Klar ist auch: Der größer werdende Niedriglohnsektor, auch bedingt durch den Rückgang der Tarifbindung, ist ein Problem. Wir haben in dieser Woche schon darüber gesprochen, dass Hessen wirtschaftlich gut dasteht. Meine feste Überzeugung ist, dass auch die Menschen von diesem wirtschaftlichen Aufschwung profitieren müssen. Genau da ist der Vorschlag der LINKEN eigentlich erstaunlich; denn – im Gegensatz zu den Regelungen in unserem Gesetzentwurf – die Situation der Arbeitnehmerinnen und Arbeitnehmer, insbesondere was die Tariftreue und die Tarifverträge im ÖPNV betrifft, wird sich durch ihren Gesetzentwurf wesentlich verschlechtern.

Des Weiteren schlagen Sie die Einrichtung einer Prüfbehörde vor und beschreiben diese in der Begründung folgendermaßen – ich zitiere –:

Die Prüfbehörde ist … der bei der Zollverwaltung angesiedelten Finanzkontrolle Schwarzarbeit nachgebildet.

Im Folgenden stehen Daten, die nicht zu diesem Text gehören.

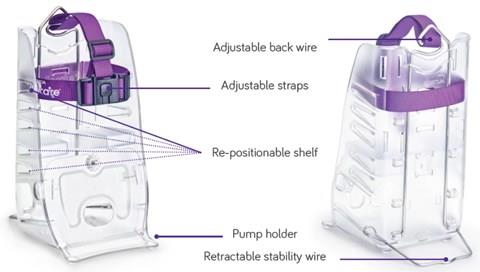 Flocare Infinity Univ.Frame (sac à dos commander séparément)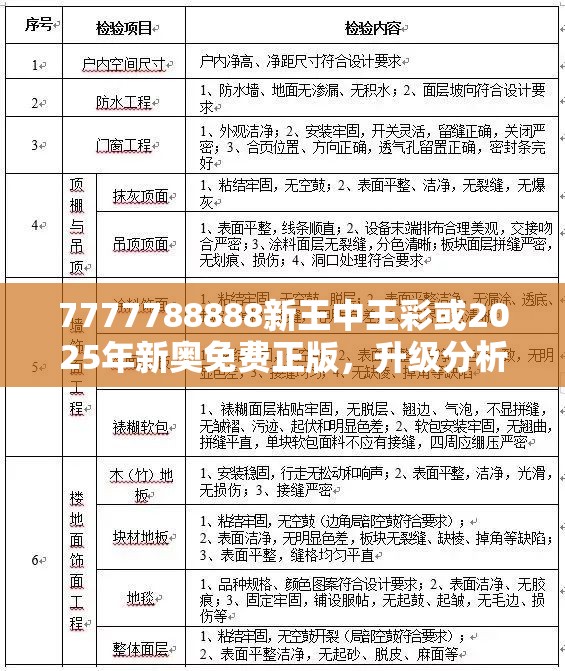 7777788888新王中王彩或2025年新奥免费正版，升级分析、专家解读解释与落实,谨防华而不实包装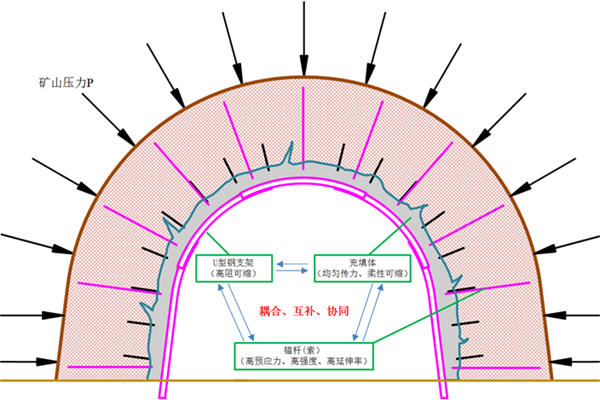 1713770239468986.png 2_副本.png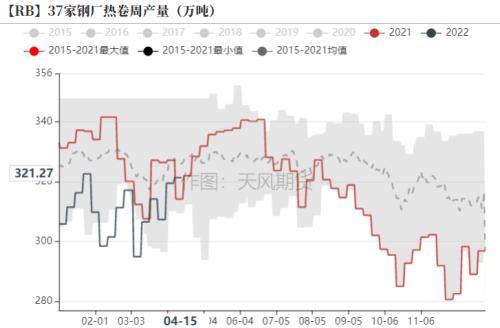 钢材：发改委表示将继续压减粗钢产量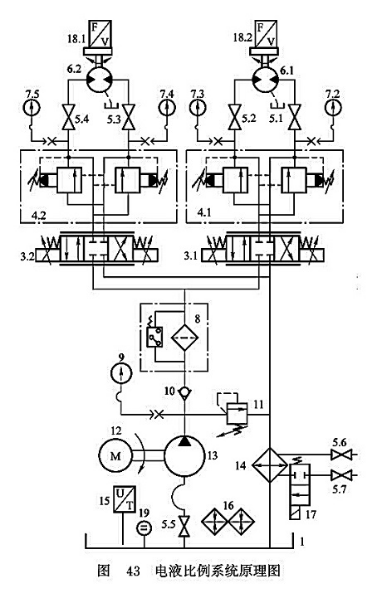 電液比例系統原理圖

Das heißt, wir sollen in Hessen eine zweite Prüfbehörde gründen, die strafrechtlichen Verstößen nachgeht, schlichtweg weil der Bund seine Arbeit nicht richtig macht. Sehr geehrte Damen und Herren, das finde ich schon erstaunlich. Man muss ganz deutlich sagen: Wenn rechtswidrige Zustände auf Baustellen herrschen, wenn kein Lohn gezahlt wird, wenn Beschäftigte unter dem Mindestlohn arbeiten müssen, ist es Aufgabe des Zolls, dort zu prüfen und dort gegen die Verstöße vorzugehen, auch mit rechtlichen Konsequenzen gegenüber den Arbeitgebern.

(Zuruf der Abg. Janine Wissler (DIE LINKE))

Hessen fordert mehr Mindestlohnkontrollen, damit der Mindestlohn eben nicht nur festgesetzt, sondern auch durchgesetzt wird. Frau Kollegin Barth, wenn ich mir etwas wünschen dürfte, wäre es, dass Sie sich mit der gleichen Vehemenz gegenüber Ihrem SPD-Bundesfinanzminister dafür einsetzen, dass diese Kontrollen und die zuständigen Stellen bei den Zollbehörden aufgestockt werden.

(Beifall bei dem BÜNDNIS 90/DIE GRÜNEN und bei Abgeordneten der CDU)

Eine Kleine Anfrage der GRÜNEN im Bundestag hat gezeigt: Im Jahr 2015 wurden bei 10 % der Kontrollen im Baugewerbe deutschlandweit Verstöße aufgedeckt. Damit weisen das Baugewerbe und das Baunebengewerbe die meisten Verstöße gegen das Mindestlohngesetz, gegen das Arbeitnehmer-Entsendegesetz und gegen die Lohnuntergrenze in der Leiharbeitsbranche auf. Alleine diese Zahlen müssen doch dazu führen, dass der Zoll, die Finanzkontrolle Schwarzarbeit, endlich ordentlich ausgestattet wird, damit die Menschen ihre Arbeit machen können.